Post by Jay McVinne » Mon, 26 Jul 1999 04:00:00


<personal opinion>
I recommend storing the location in the database and keeping the images in the filesystem.  remember, either way they have to pass through your web server to be delivered.  do you really want to create network traffic for this?  Even if the web server and the sql server are the same machine, you are still having to pass the images through two applications rather than one if you use the filesystem.
</personal opinion>

HTH
Jay McVinney


  Hi !

  We are planning to launch a Real Estate Web Site in the UK which
  will allow prospective sellers to upload images of their property to
  a SQL Server 7.0 database through ASP.

  We expect at least 300,000 images to be uploaded in the first 6 months

  If any of you have already done this then I would like feedback on
  1. Performance Issues as to the approaches we need to take
      in terms of speed of display of images in the client browser
  2. Will storing images in the filesystem be slower than storing them
     in a database if we have 300,000 images ?
  3. How do we design the Site Maintainence module if we store
      images in the database ?

  All feedback is welcome

  Thanks in advance
  Vinod Subramaniam

           __________________________________      
          | V I N O D  S U B R A M A N I A M |
          | Associate Consultant (SEB)       |
          | NIIT Limited, 8, Balaji Estate,  |
          | Kalkaji, New Delhi-19, INDIA     |
          | http://www.niit.com              |    


       / )| PHONE: 91-11-6203357             |( \
    __(  (|__________________________________|)  )__
   ((( \  \   / _)                    ( \   /  / )))
   (\\\ \  \_/  /                     \  \_/  / ///)
    \          /                       \          /
      \      _/                          \_      /
       /    /                              \     \
      /    /                                \     \
  ----     -----------------------------------     --------
  Personal: http://www.geocities.com/SiliconValley/Way/2219

  Do NOT let them deceive you with the legitimization of their myth!

 
 
 

Storing Images in Blobs versus Storing in Filesystem - Performance Issues

Post by Manohar Kamath [MVP » Tue, 27 Jul 1999 04:00:00


Plus of course, the additional code (and pain) to get the image in and out
of SQL server.
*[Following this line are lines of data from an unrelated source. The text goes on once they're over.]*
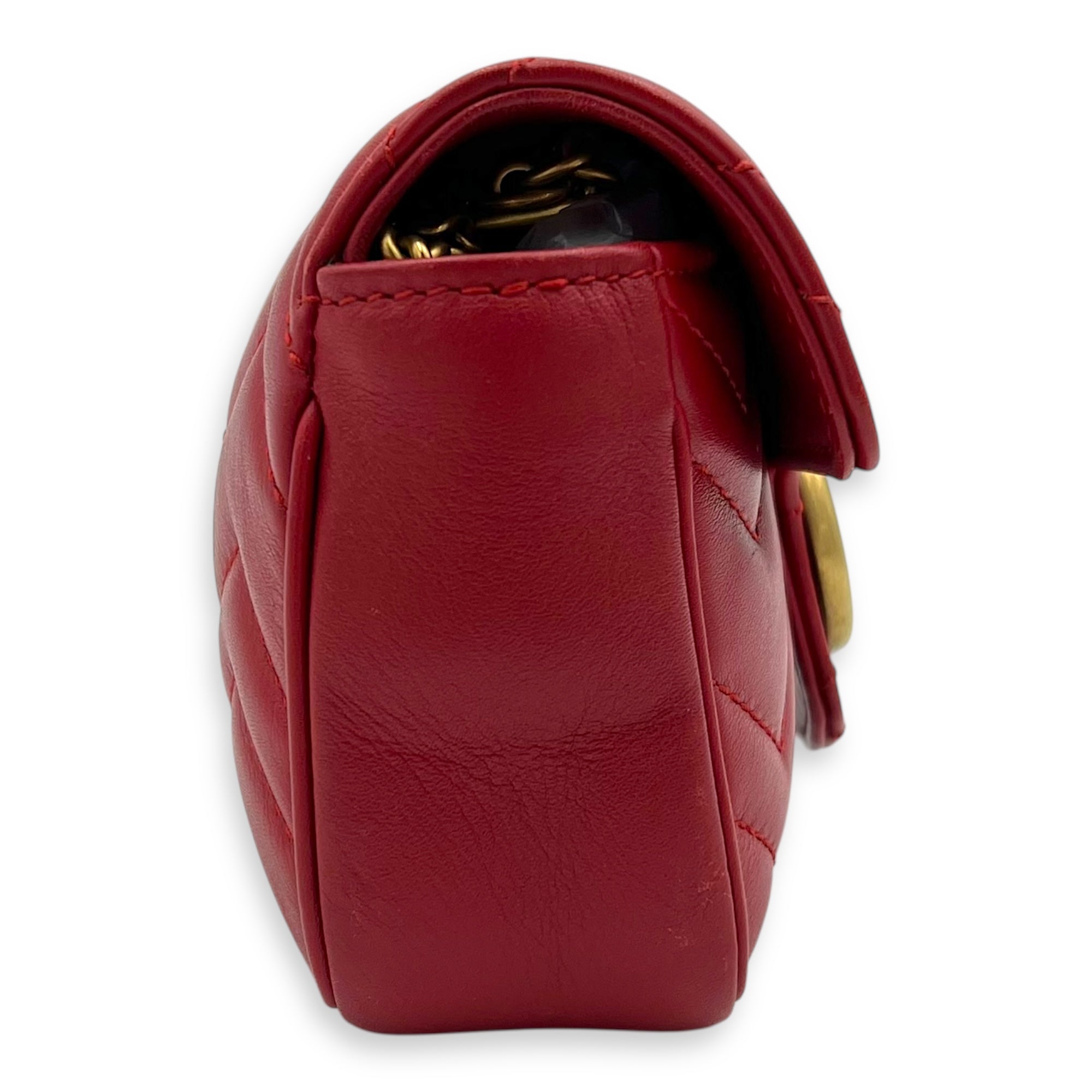 GG Marmont Super Mini Red Shoulder Bag in Calfskin, Gold hardware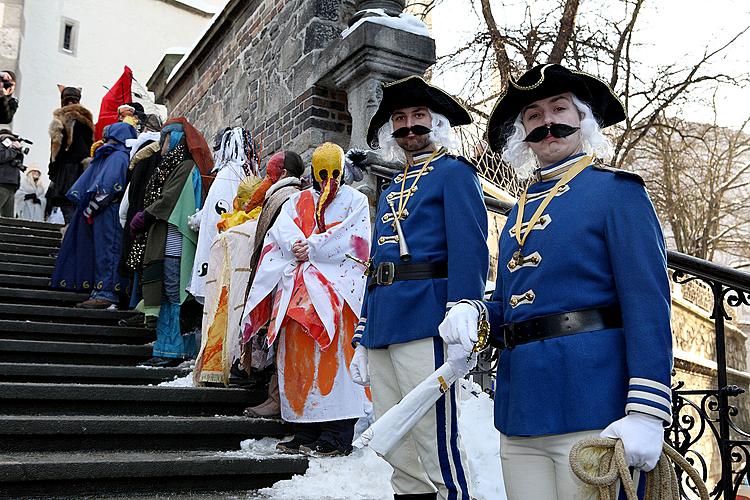 Carnival parade through the city Český Krumlov, 16.2.2010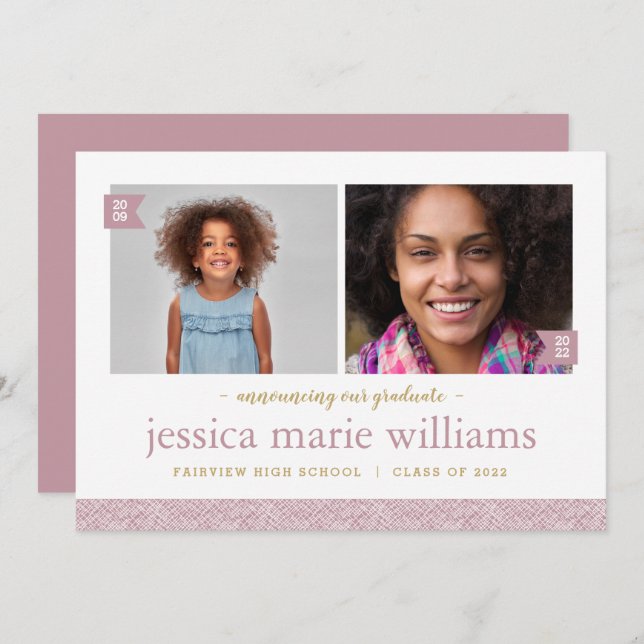 Entonces y ahora 2 Invitación de graduación de fot (Anverso / Reverso)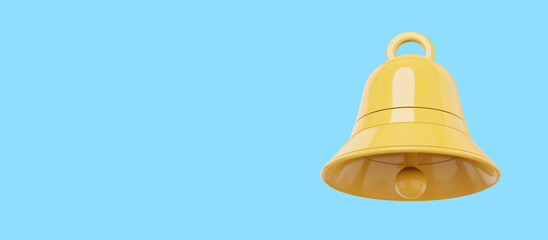 Yellow bell, notification symbol. 3D rendering. Icon on blue background, space for text.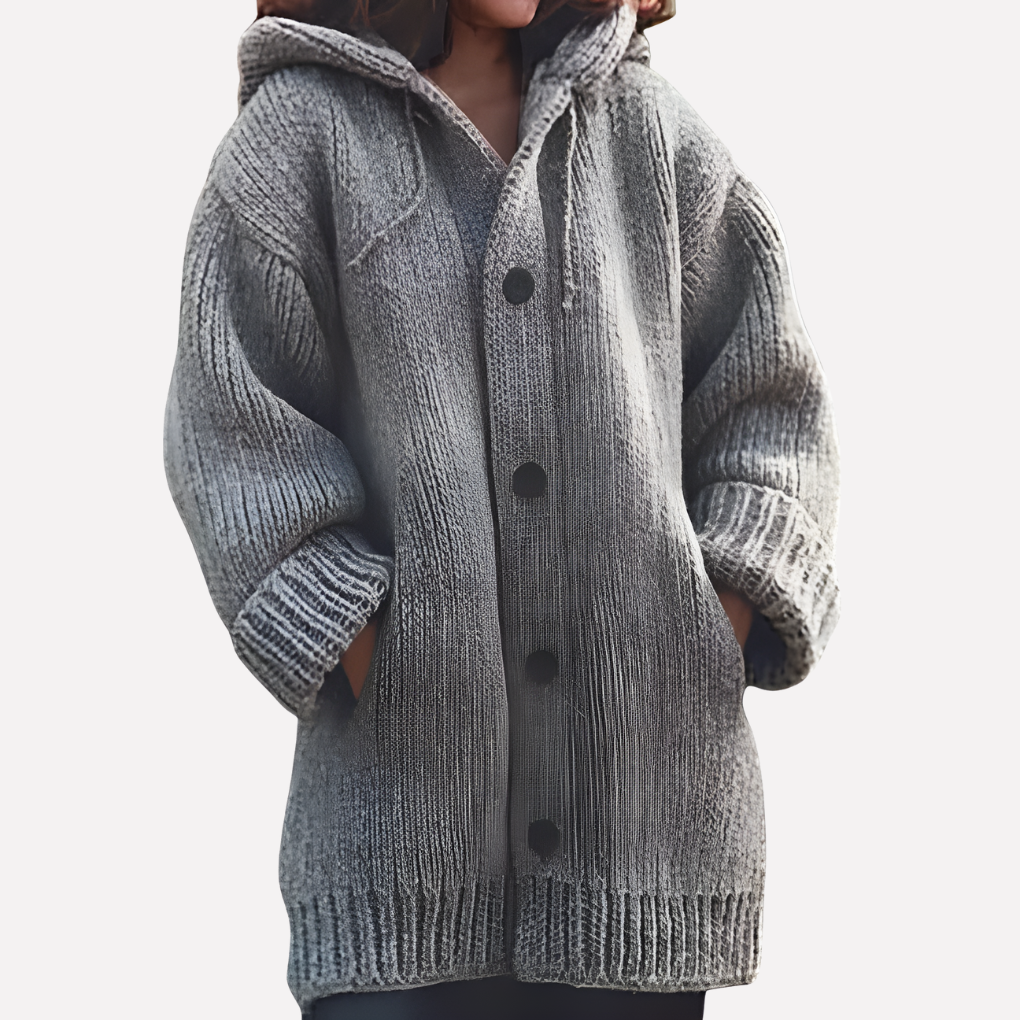 Cardigan à capuche pour femmes avec coupe longue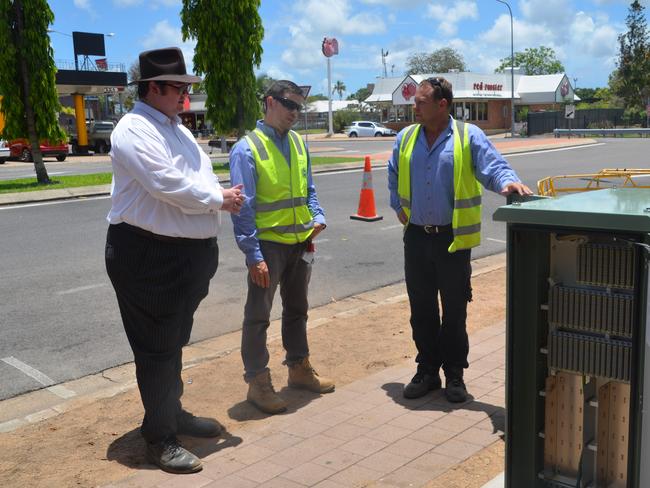 The first node of the NBN being installed on Queen Street.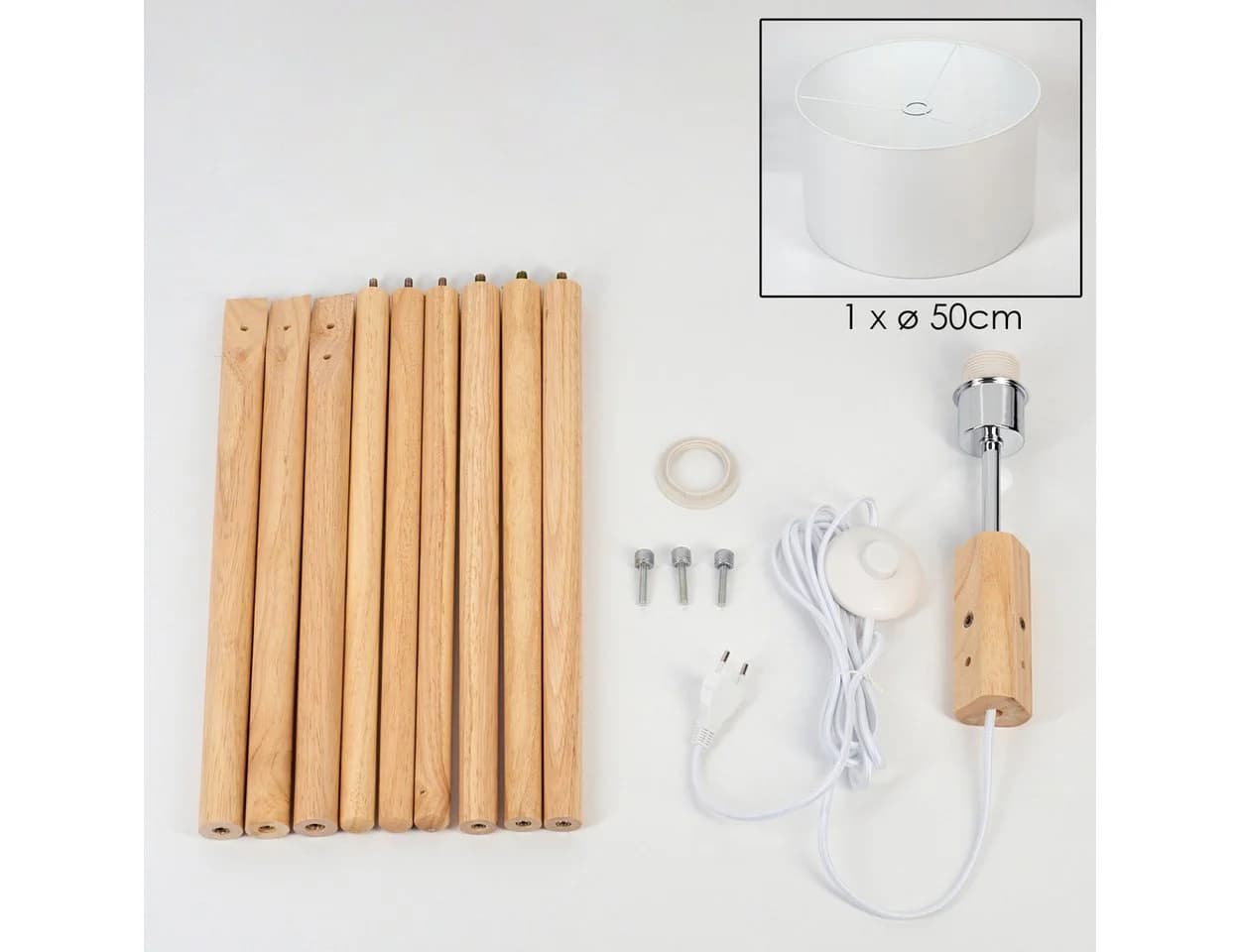 hofstein Stehlampe Holz/Stoff Naturfarben/Weiß 50 cm Schirm - Bild 5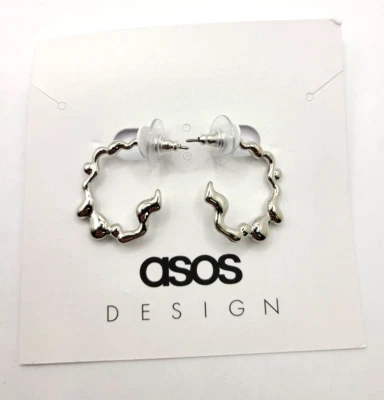 Pendientes de aro de plata con diseño fundido de 25 mm de ASOS DESIGN Foto 1 de 4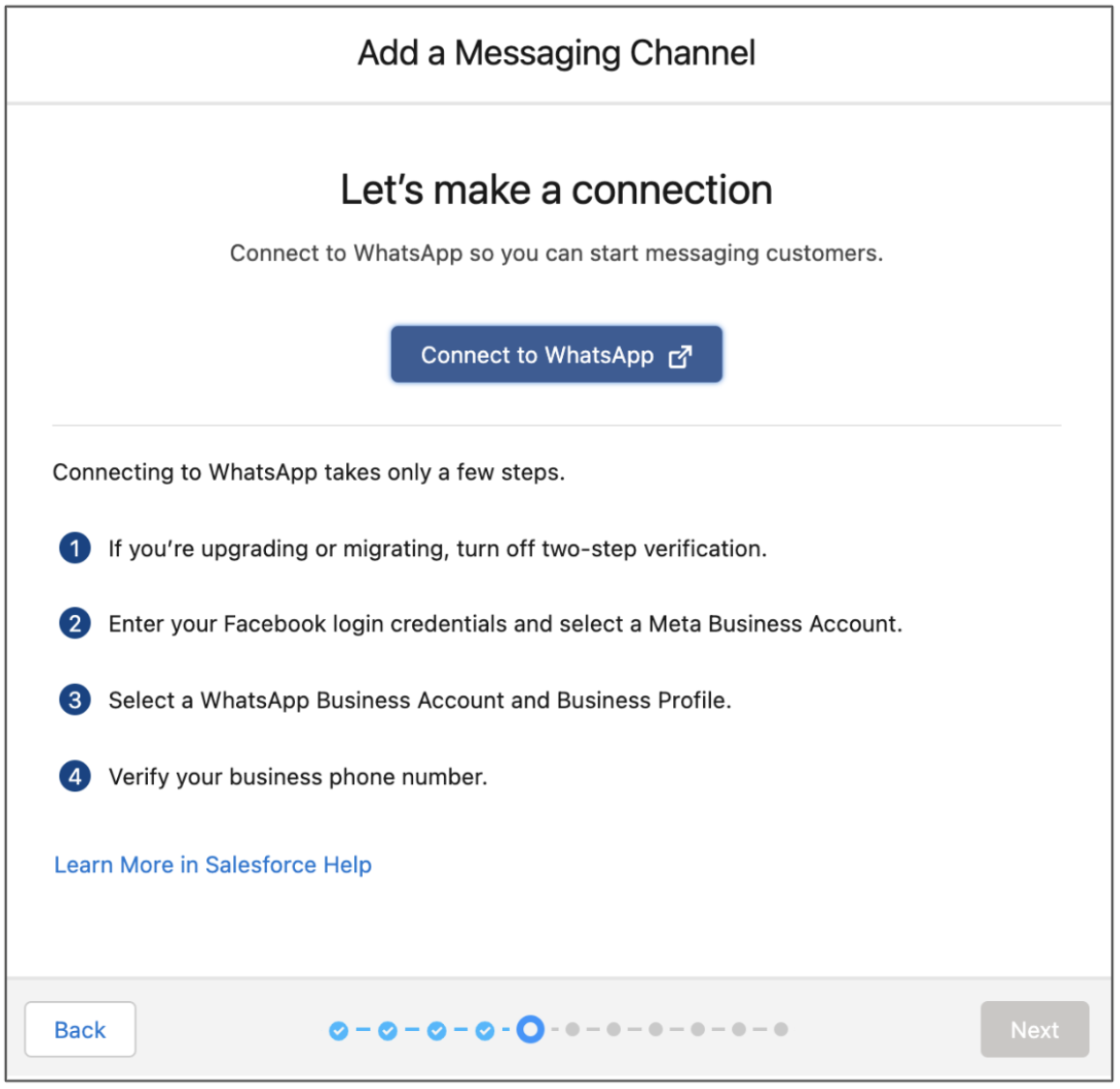 Connect to WhatsApp screen
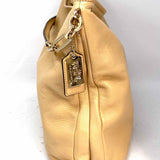 Coach Madison Beige Hobo Pebbled Leather Shoulder Bag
With file system, it is so easy to add/delete and replace the
images. And with some good naming standards, the maintenance is easy.

--
Manohar Kamath
Microsoft MVP - ASP
www.kamath.com Active Server Corner


<personal opinion>
I recommend storing the location in the database and keeping the images in
the filesystem.  remember, either way they have to pass through your web
server to be delivered.  do you really want to create network traffic for
this?  Even if the web server and the sql server are the same machine, you
are still having to pass the images through two applications rather than one
if you use the filesystem.
</personal opinion>

HTH
Jay McVinney


Hi !

We are planning to launch a Real Estate Web Site in the UK which
will allow prospective sellers to upload images of their property to
a SQL Server 7.0 database through ASP.

We expect at least 300,000 images to be uploaded in the first 6 months

If any of you have already done this then I would like feedback on
1. Performance Issues as to the approaches we need to take
    in terms of speed of display of images in the client browser
2. Will storing images in the filesystem be slower than storing them
   in a database if we have 300,000 images ?
3. How do we design the Site Maintainence module if we store
    images in the database ?

All feedback is welcome

Thanks in advance
Vinod Subramaniam

         __________________________________
        | V I N O D  S U B R A M A N I A M |
        | Associate Consultant (SEB)       |
        | NIIT Limited, 8, Balaji Estate,  |
        | Kalkaji, New Delhi-19, INDIA     |
        | http://www.niit.com              |


     / )| PHONE: 91-11-6203357             |( \
  __(  (|__________________________________|)  )__
 ((( \  \   / _)                    ( \   /  / )))
 (\\\ \  \_/  /                     \  \_/  / ///)
  \          /                       \          /
    \      _/                          \_      /
     /    /                              \     \
    /    /                                \     \
----     -----------------------------------     --------
Personal: http://www.geocities.com/SiliconValley/Way/2219

Do NOT let them deceive you with the legitimization of their myth!

 
 
 

Storing Images in Blobs versus Storing in Filesystem - Performance Issues

Post by R.MacFadye » Tue, 27 Jul 1999 04:00:00


Hi,

I have to disagree with storing images in a filesystem. My background has
included a certain amount of OLTP which may be biasing me.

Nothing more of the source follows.